Root Cause The incident was caused by a regression introduced in a recent code change to how image URLs are constructed for our image CDN. The change added logic to ensure a dimension-changing operation was always present in image URLs, which is a requirement of the CDN when applying effects like brightness or contrast.
However, the detection logic did not recognize the "crop" operation as a dimension-changing operation. When a customer applied a crop, the system mistakenly appended a resize back to the original image dimensions. The CDN then performed the crop first and stretched the result back to the original dimensions, producing the distorted output.
Customer Impact Any customer who used the image cropping feature in Publish during the incident window received a visually stretched result. The issue affected square, landscape, and portrait images alike, with no combination of input or target aspect ratio unaffected. Three customer reports were received through our support channels before the issue was resolved.
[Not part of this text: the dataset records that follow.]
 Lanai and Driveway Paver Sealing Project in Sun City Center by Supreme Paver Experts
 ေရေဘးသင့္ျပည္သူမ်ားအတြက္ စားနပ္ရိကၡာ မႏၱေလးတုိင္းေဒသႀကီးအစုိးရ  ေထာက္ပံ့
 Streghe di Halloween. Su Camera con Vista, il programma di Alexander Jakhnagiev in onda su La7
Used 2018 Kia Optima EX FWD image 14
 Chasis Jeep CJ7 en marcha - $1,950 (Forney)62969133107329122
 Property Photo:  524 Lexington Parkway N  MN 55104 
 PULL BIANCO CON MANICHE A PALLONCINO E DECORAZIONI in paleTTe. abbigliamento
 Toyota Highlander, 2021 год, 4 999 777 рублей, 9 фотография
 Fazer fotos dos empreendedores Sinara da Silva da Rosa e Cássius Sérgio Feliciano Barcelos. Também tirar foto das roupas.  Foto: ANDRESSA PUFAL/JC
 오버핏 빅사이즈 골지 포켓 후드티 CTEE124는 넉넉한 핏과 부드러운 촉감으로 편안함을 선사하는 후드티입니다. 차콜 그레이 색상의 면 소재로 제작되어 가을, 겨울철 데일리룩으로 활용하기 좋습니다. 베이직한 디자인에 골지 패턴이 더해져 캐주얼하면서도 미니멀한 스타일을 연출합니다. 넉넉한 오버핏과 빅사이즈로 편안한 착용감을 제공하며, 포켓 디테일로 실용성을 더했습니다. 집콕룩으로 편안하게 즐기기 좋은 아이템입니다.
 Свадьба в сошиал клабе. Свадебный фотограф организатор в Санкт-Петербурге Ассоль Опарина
Steps to Resolution After the team was paged, the on-call lead first verified that the underlying image processing infrastructure was healthy, ruling out a CDN or pod-level issue. The investigation then focused on a recent code change related to image URL handling that had been merged a few hours before the first customer report. The team confirmed the timing alignment, identified the precise gap in the URL operation detection logic, and prepared a revert. Once the revert was deployed and verified in production, our support team replied to the affected customers asking them to hard refresh their browsers, which restored normal cropping behavior. A follow-up fix was later re-applied with comprehensive test coverage to prevent the original issue from recurring.
Key Learnings
The original change shipped without test coverage for crop interactions, which allowed the gap in operation detection to slip through review. The follow-up fix included thirteen test cases covering crop-only flows, crop combined with effects, and various offset formats. We're treating this as the standard of coverage that should accompany changes to image URL construction going forward.
Detection relied on customer reports rather than proactive monitoring. We're exploring automated visual regression tests and client-side checks for unexpected URL patterns (such as a resize operation appearing directly after a crop) that would surface this kind of issue before customers notice.